Mesa (master): radeonsi: add FMASK slots for shader images (for MSAA images)

GitLab Mirror gitlab-mirror at kemper.freedesktop.org
Wed Oct 9 21:14:17 UTC 2019


Module: Mesa
Branch: master
Commit: 743a9d85e2ca5aef93e40fe7833742a067a5943d
URL:    http://cgit.freedesktop.org/mesa/mesa/commit/?id=743a9d85e2ca5aef93e40fe7833742a067a5943d

Author: Marek Olšák <marek.olsak at amd.com>
Date:   Thu Sep 12 21:13:08 2019 -0400

radeonsi: add FMASK slots for shader images (for MSAA images)
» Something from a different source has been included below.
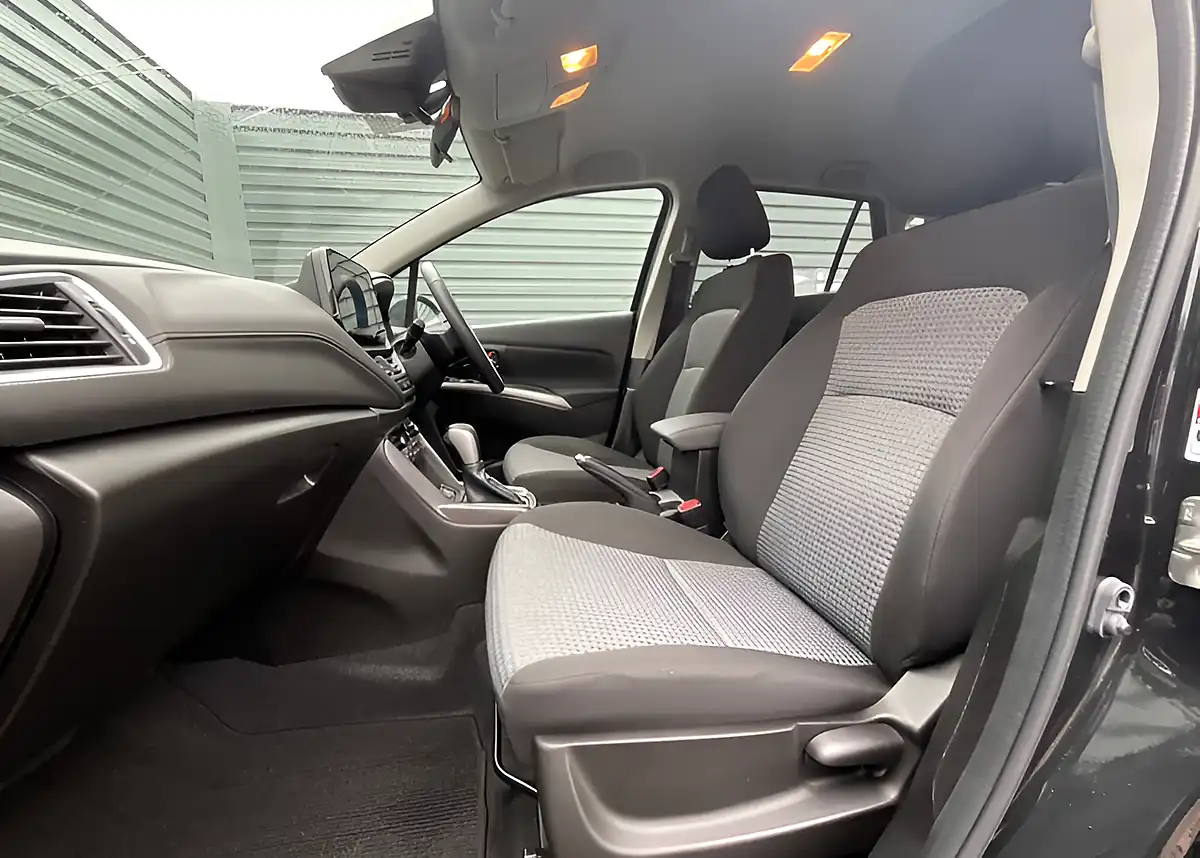 Used 2022 Suzuki SX4 S-Cross Motion Black - Interior and Exterior details 10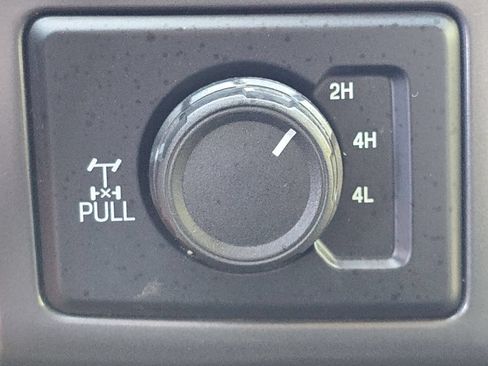 Used 2019 Ford F150 XLT w/ Equipment Group 302A Luxury AWD/4WD image 34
Acked-by: Pierre-Eric Pelloux-Prayer <pierre-eric.pelloux-prayer at amd.com>

---

 src/gallium/drivers/radeonsi/si_descriptors.c     | 33 ++++++++++++-----------
 src/gallium/drivers/radeonsi/si_shader_nir.c      |  4 +--
 src/gallium/drivers/radeonsi/si_shader_tgsi_mem.c |  4 +--
 src/gallium/drivers/radeonsi/si_state.h           | 11 +++++---
 src/gallium/drivers/radeonsi/si_state_shaders.c   | 16 +++++++++--
 5 files changed, 42 insertions(+), 26 deletions(-)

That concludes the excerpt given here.